I've always remembered this piece of folklore every Good Friday and have wondered at its origin. Thanks to Google I've found the answer... er... answers!

* Good Friday was thought to be a good day for planting seeds inspired by interpreting the Parable of the Sower, in which seeds needs to be planted in the ground in order to bear fruit, as a metaphor for Jesus' necessary death and burial on this day.

* Gardeners and farmers considered Good Friday to be the best day of planting peas, potatoes and parsley because it was the only day of the year when the devil was believed to be powerless. Parsley is notoriously slow to germinate, and very often gardeners would make three sowings - two for the devil and one for the gardener - before getting a crop to come up.
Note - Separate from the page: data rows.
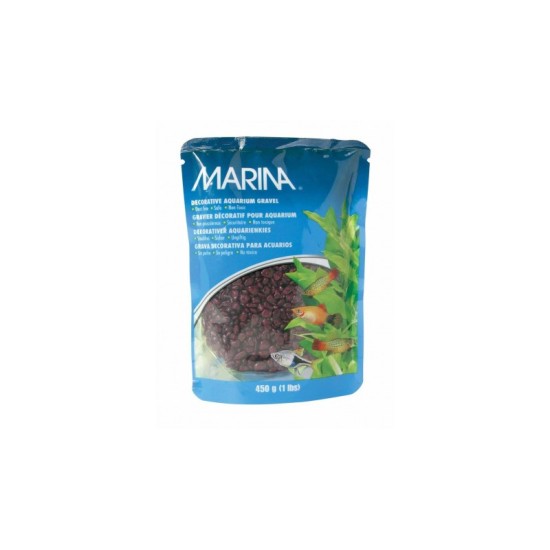 Aquarium gravel Marina - Burgandy - 1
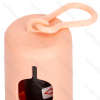 Waste bag dispenser L9*W4.3cm Pink&Blue&Green With 1 roll of waste bags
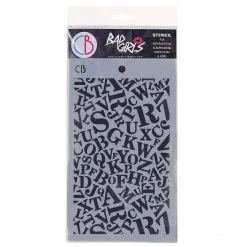 Newspaper Font - Texture Bad Girls Stencil 5x8 By Ciao Bella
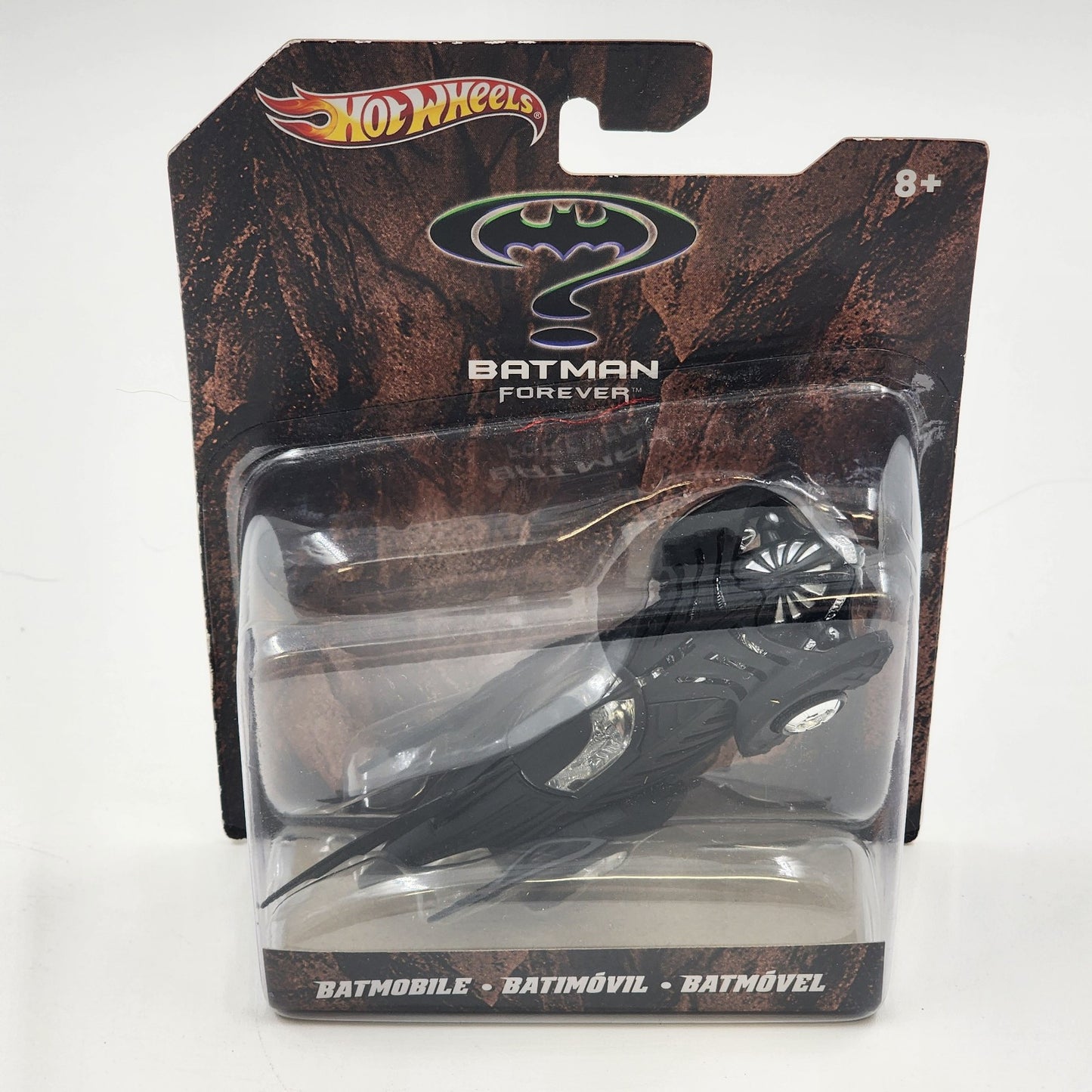 Mattel X4036 Hot Wheels Batman Forever Black Batmobile Sealed Collectible 2011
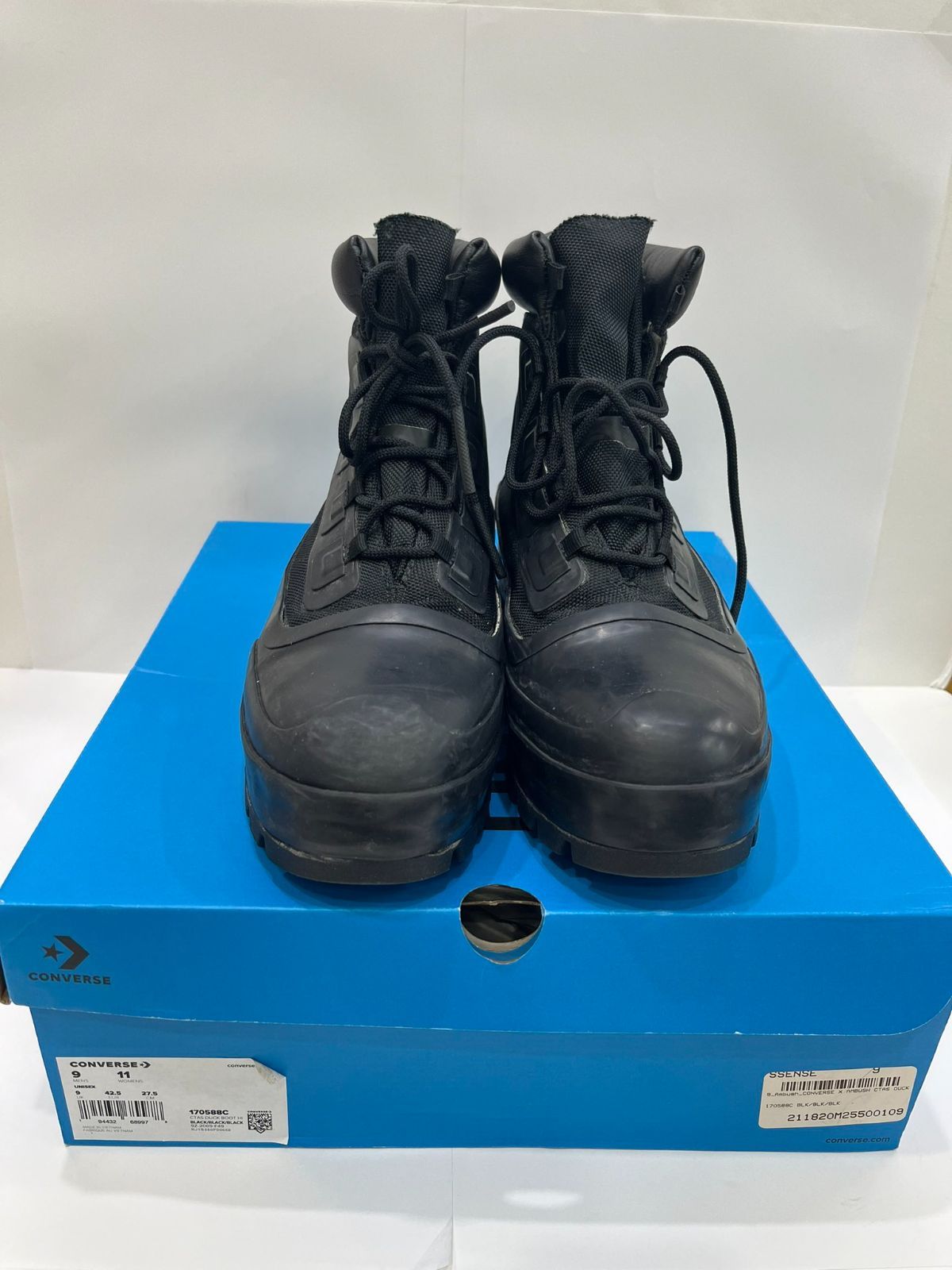 中古 AMBUSH×CONVERSE Ctas Duck Boot 27.5cm ブラック 170588C アン ...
They even poured boiling water over the soil before planting to deter the devil and that technique may have actually helped, since parsley germinates faster in warmer soils.

* There was probably also the practical reason for working in the garden on Good Friday in that men were free to work for their own benefit. However, this was not true everywhere; in North Yorkshire in the 1860s, "great care (was) taken not to disturb the earth in any way; it were impious to use spade, plough or harrow… a villager… shocked his neighbours by planting potatoes on Good Friday, but they never came up."

* Many people in the upper Midwest of the USA religiously planted their potato crop on a Good Friday - even when Easter came early and they had to chop their way through icy soil in order to do so!

* Some people believe that the moon phases were important to the planting of crops and that potatoes thrive if planted under a full moon and there is always a full moon on Good Friday, or a few days before, or the Saturday/Sunday afterwards.

So, there you are: true or not, and whether you're gardening or not, may your day today be a good Good Friday!


The picture of the Garden Tomb is © Stephen Waterhouse and is from 50 Favourite Bible Stories written by myself, illustrated by Stephen and narrated on 3 CDs by Cliff Richard.

To see more images visit Stephen Waterhouse: Illustrator and Author.

5 comments:

Boll Weavil said...

I don't think we'll be venturing out into the garden today Mr B, not if the Met Office is right anyway !

Suzanne said...

I actually saw tombs quite similar to that in Turkey... old Lycean tombs dug by the Romans in the 1st century BC which are reputed to be the exact replicas of what was used for Jesus.

Eudora said...

In Spain we call this day "Holy Friday", but I think that is a beautiful idea go to the garden today, here, for the moment, we have a sunny day (in the southeast I mean).

Happy day for you Brian, and David, and for all the visitors of the blog, have a good and prosper Easter.

Rob Cox said...

Shouldn't that be Sir Cliff Richard to give him his due respect?

From Robert Cox MIMC, BSc, PGCE, MIEA

Brian Sibley said...

You're right, Rob. That's my MBE gone west!